Here are some deals on New Boston amps but I am sure there is no warranty other than DOA. One of them says 2 year warranty but you will find 30 days or so after purchase you will never be able to reach them again or contact info is no good. Your warranty is with ebay and paypal.

GT42
Boston Acoustics GT-42 Car Amplifier | eBay

Boston-Acoustics GT42 4 CHANNEL AMP (Boston GT-42). | eBay

GT4100
2011 BOSTON GT4100 AMPLIFIER CAR AMP 4-CHANNEL+2YR WRNT | eBay

GT-4100 BOSTON ACOUSTICS 4CH SPEAKER AMP 900W AMPLIFIER | eBay


----------



## rexroadj (Oct 31, 2008)

Well I completely disagree with bostons not being worth the retail tag but thats not the point. I would also decide if you have room for a surfboard or not?
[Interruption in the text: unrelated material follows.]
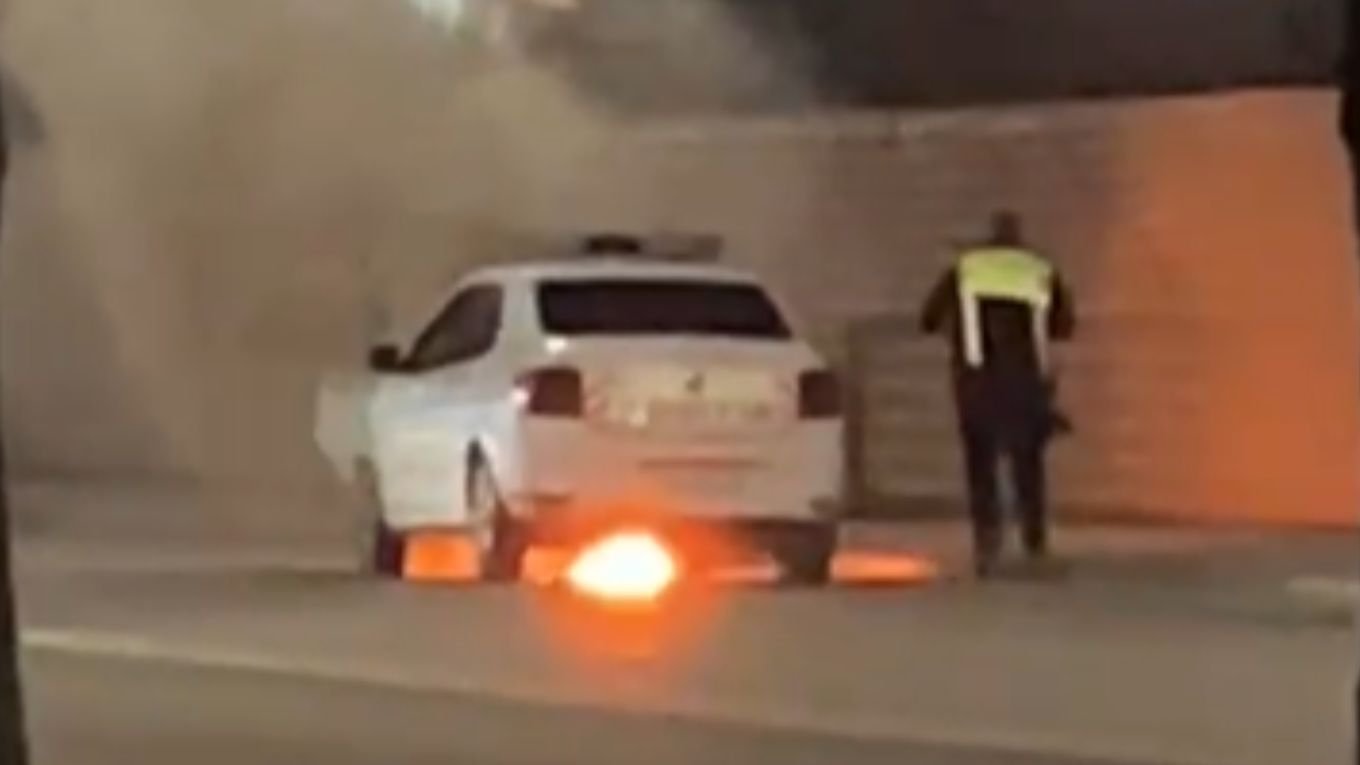 Un autoturism Dacia Logan cu însemnele poliției a luat foc în traficul de pe strada Bucium, din Iași, duminică seară, incidentul fiind anunțat de autorități prin intermediul numărului unic de urgență 112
I know where you can get a GREAT deal on the gt2200 and gt275


----------



## jimmys91 (Nov 28, 2009)

I 3rd that the boston GT amps are SUPER value, the GT20, GT22, and GT24 are all super amps built and design by same build house as Mosconi/audio systems. GT20 can be had for $75 to $100, GT24 for around $200. 
If my Soundstream D series give me problems i will be replacing with the BA GT's for sure.


----------



## jester (Jun 1, 2011)

Woah!!! I didn't realize Boston Acoustics were still in the retail business. I know for a while I couldn't find anything from them except for their old stock. I will definitely give them a look over!!!


----------



## rexroadj (Oct 31, 2008)

Well for $300 I can give you 200x2 to your front stage and 75x2 to your rears via boston GT2200 and GT275. VERY small package and TONS of clean power! The 2200 is beating the snot out of my two subs right now (900x1)


----------



## MrMoto (Aug 20, 2009)

Let me rephrase my statement. If were a DIYI, going to buy a new Boston amp, and had only $400, I would purchase it for 1/2 the price before I would pay retail. Warrany would be the only reason I would buy otherwise. This amp is a good amp so a warranty claim most likely won't be an issue. 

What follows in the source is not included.